Try it:
Every line of the listing should be retyped exactly, but none of the pictures should be.

[Start of Attachment]

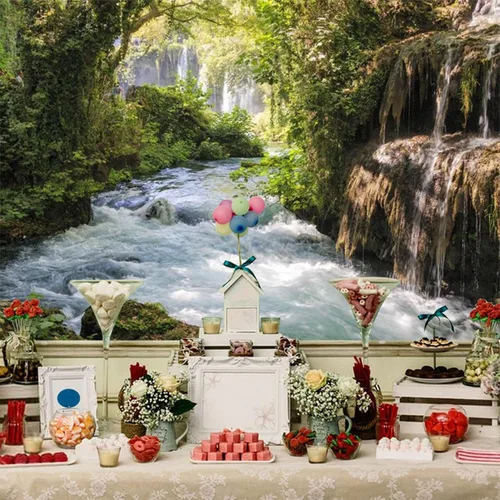 Miniatura 4 de Fondos de vinilo de bosque verde de 9 x 6 pies para fotografía, paisaje de montaña y agua, hermosa cascada y río, árbol antiguo al aire libre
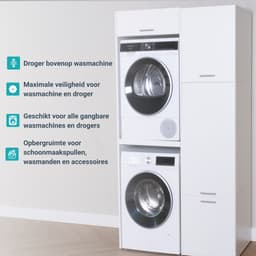 Washcab® Wasmachine Kast - Droger Verhoger - Wasmachine Ombouw - Droger op wasmachine Wit - Stack Set 1 — thumbnail 3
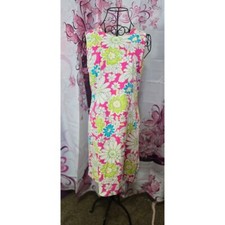 Vintage Chadwicks Sz 10 Floral Cotton 60s Mod  Shift Dress Flower Power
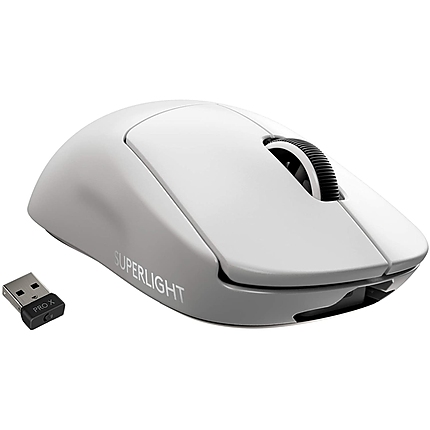 Logitech G Pro X Superlight Wireless Mouse, Lightspeed Wireless 1ms, HERO 25K DPI Sensor, 400 IPS, Onboard Memory, >63g, White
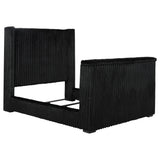  Coaster Furniture Centergrove 315945Q Upholstered Queen Wingback TV Bed - Black IMAGE 1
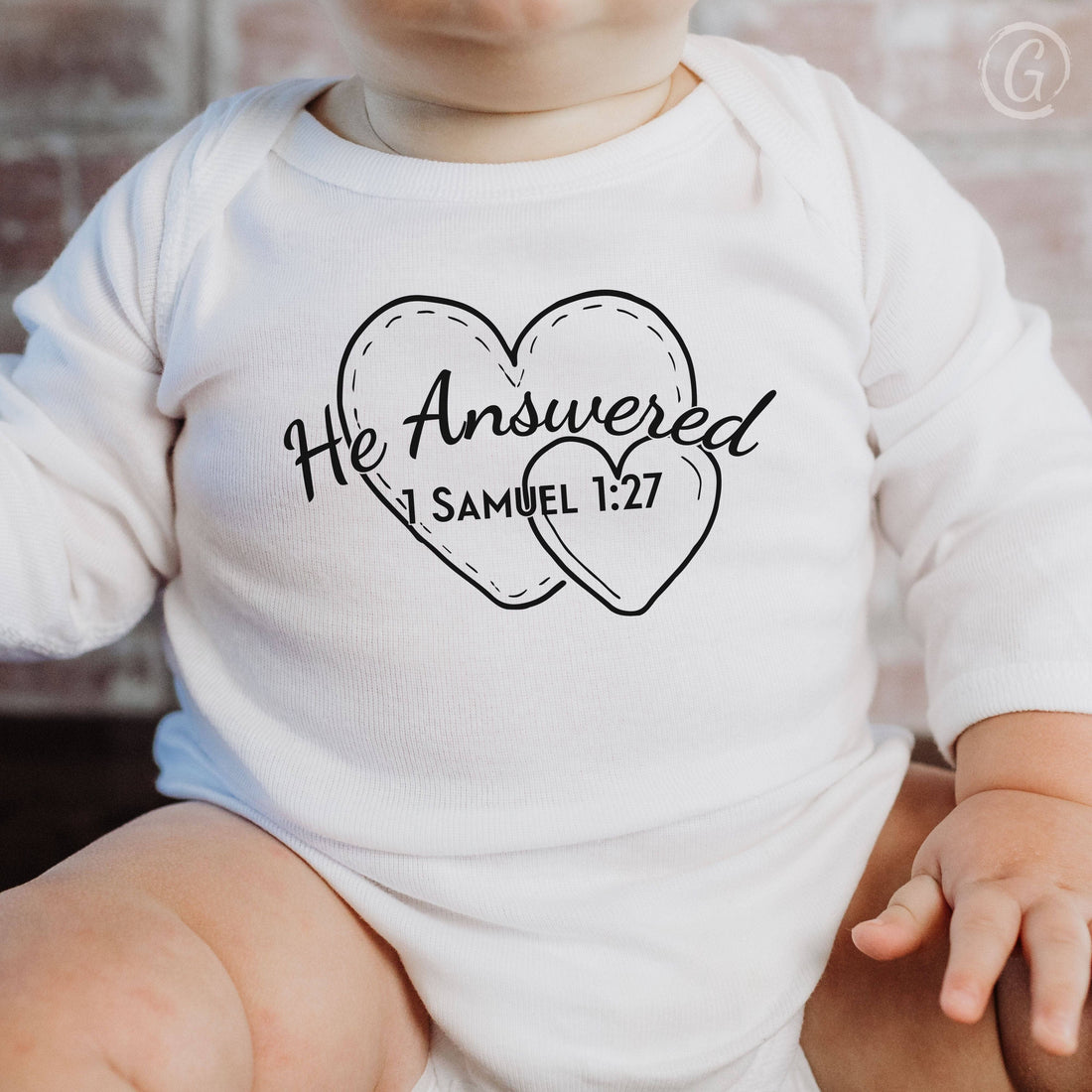 He Answered Long-Sleeve Baby Onesie White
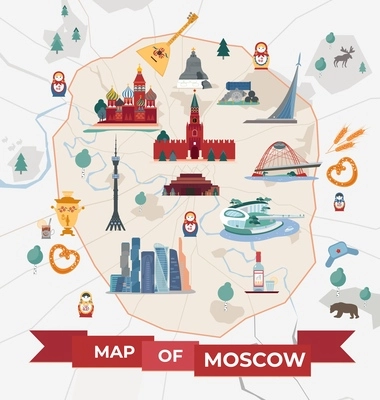 Moscow map composition with flat images of famous city sights on plain map with text ribbon vector illustration
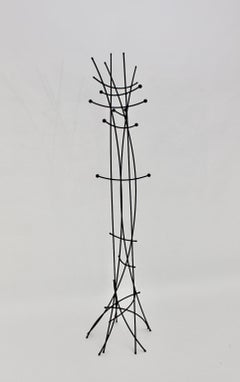 Black Modern Metal Vintage Coat Stand Coat Rack Gruppe B.R.A.N.D. Vienna c 1985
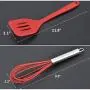 Premium Quality Silicone Kitchen Utensil Set, Heat Resistant, Hygienic, Non Stick, Durable Baking Gift Utensils, 5 pack, Slotted Turner, Tongs, Spatula, Whisk and Basting Brush (Red)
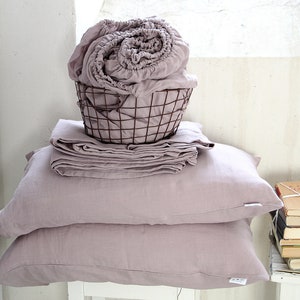 Linen sheet set, Wood rose linen bedding set, linen sheet set of of 4 pcs, 2 pillowcase and 2 sheet set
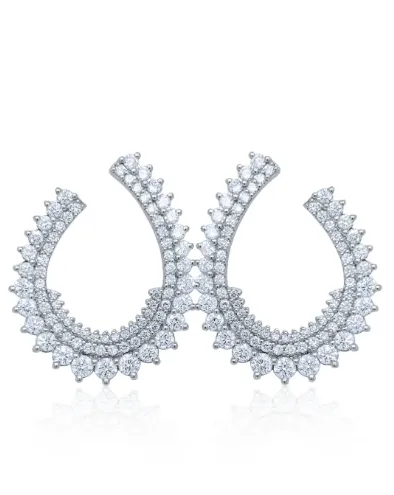 14k White Gold Semi Circle Round Earring Wedding Earring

[End of Attachment]

Response:
 Miniatura 4 de Fondos de vinilo de bosque verde de 9 x 6 pies para fotografía, paisaje de montaña y agua, hermosa cascada y río, árbol antiguo al aire libre
 Washcab® Wasmachine Kast - Droger Verhoger - Wasmachine Ombouw - Droger op wasmachine Wit - Stack Set 1 — thumbnail 3
 Vintage Chadwicks Sz 10 Floral Cotton 60s Mod  Shift Dress Flower Power
 Logitech G Pro X Superlight Wireless Mouse, Lightspeed Wireless 1ms, HERO 25K DPI Sensor, 400 IPS, Onboard Memory, >63g, White
  Coaster Furniture Centergrove 315945Q Upholstered Queen Wingback TV Bed - Black IMAGE 1
 He Answered Long-Sleeve Baby Onesie White
 Moscow map composition with flat images of famous city sights on plain map with text ribbon vector illustration
 Black Modern Metal Vintage Coat Stand Coat Rack Gruppe B.R.A.N.D. Vienna c 1985
 Premium Quality Silicone Kitchen Utensil Set, Heat Resistant, Hygienic, Non Stick, Durable Baking Gift Utensils, 5 pack, Slotted Turner, Tongs, Spatula, Whisk and Basting Brush (Red)
 Linen sheet set, Wood rose linen bedding set, linen sheet set of of 4 pcs, 2 pillowcase and 2 sheet set
 14k White Gold Semi Circle Round Earring Wedding Earring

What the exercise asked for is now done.